Sınıf uğraşının boyutu büyüdükçe siyasi iktidarın daha da sertleşeceği günlerin görülmesi kaçınılmazdır. Hükümran sınıflar ile siyasi iktidarların en çok korktukları ve rahatsız oldukları şey siyasi rejime yönelen toplumsal hareketlerdir. Görünen o ki demokratik ömür stilini arzulayan kesitler meydanlardan çekilmeyecek. CHP başkanı Sayın Özel’in de işaret ettiği üzere her gün ilçeler bazında lokal hareketler haftada bir gün de vilayet bazında büyük hareketler gerçekleştirilecek. Bu durum toplumsal hareketliliğin nitelikli bir biçimde örgütlenmesini mecburî hale getirecektir. Burada da öncü takımlara büyük vazifeler düşmektedir. Öncü takımlar yanlışsız bir önderlik yaparak, halka inanç verdiklerinde nicel büyüklüğü devrimci nitelikli büyüklüğe dönüştürebileceği gerçekliğini şimdiden sıkıntı olmadığı görülmelidir. Öncü takımlar bunu deneyimlemiş olsa gerek. Bugünkü toplumsal çabayı de gerçek analiz edebileceklerini kestirim ediyorum. Bu öngörüye sahip olduklarını düşünüyorum.

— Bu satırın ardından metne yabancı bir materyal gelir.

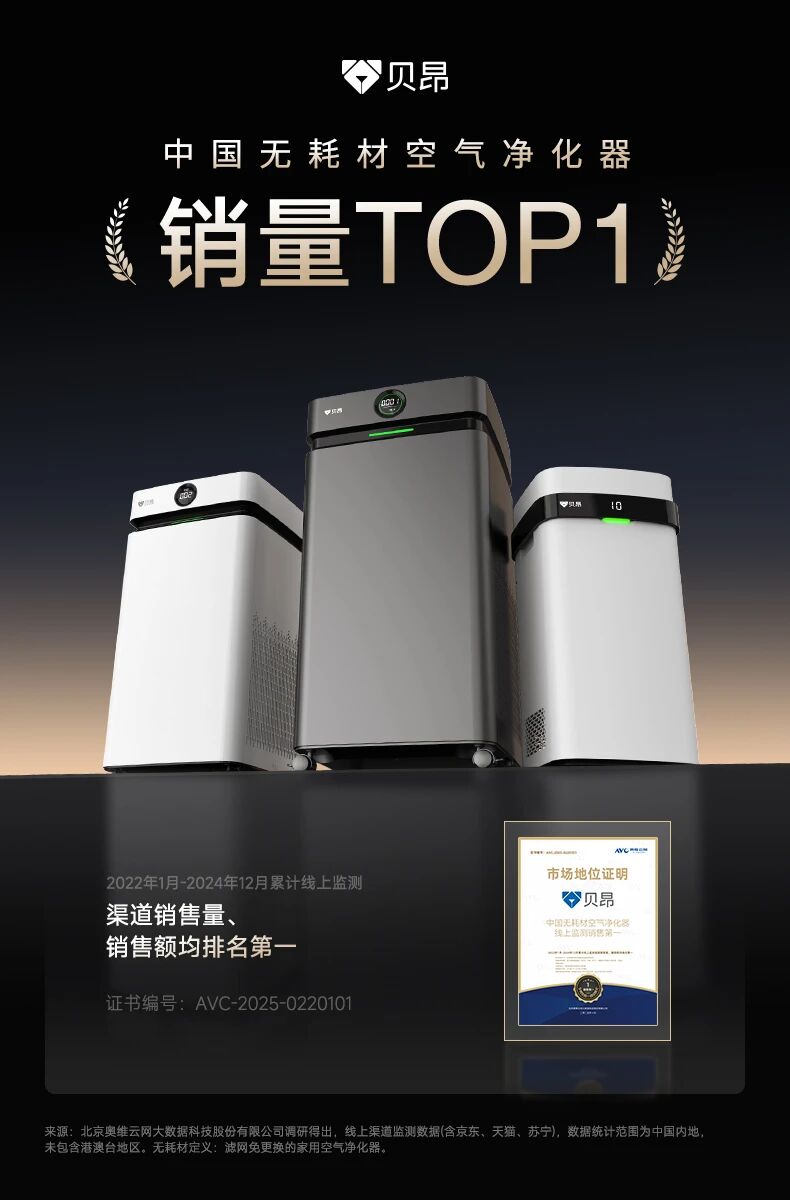 双十一激战正酣！贝昂智能全渠道销量逆势增长，斩获无耗材空气净化器双冠王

Yurtsever devrimci başkanların altmış yıllık siyasi birikimlerini başta personel sınıfı olmak üzere ezilen halklara ve öğrenci gençliğe aktarması, paylaşması mecburî olmuştur.

Türkiye’de sınıf gayretinin hafızasını taşıyan kıymetli bir öncü takım olduğu bilinen bir gerçek… Lakin bu hafızaya sahip olan takımların bugüne kadar bir varlık göstermemesi düşündürücüdür.

Pasifize olmuş ve yılmış olanlar esasen kılını bile oynatmaz. Bu teslimiyetçi yılgınlar bir periyot ‘Yetmez ancak Evet’ diyen zavallılardır. Kimse bunlardan medet beklememektedir.

İlginizi Çekebilir:Karşıyaka tehlikenin farkına vardı
share Paylaş facebook pinterest whatsapp x print

Benzer İçerikler

Süper Lig’den 8 takım PFDK’lık oldu
Avustralya Açık’ta Sinner şampiyon oldu
Asker uğurlamada feci kaza! 2 yaşındaki çocuk öldü
Trump Biden’ın aşırılıkçı Yahudiler’e yaptırım kararını iptal etti
Van Drongelen: Hala açız diyebilirim
Üniversitelilerden 2 Nisan’da ekonomik boykot çağrısı
ivedik otokaporta | © 2025 |
404 Not Found

404

Not Found

The resource requested could not be found on this server!


Proudly powered by LiteSpeed Web Server

Please be advised that LiteSpeed Technologies Inc. is not a web hosting company and, as such, has no control over content found on this site.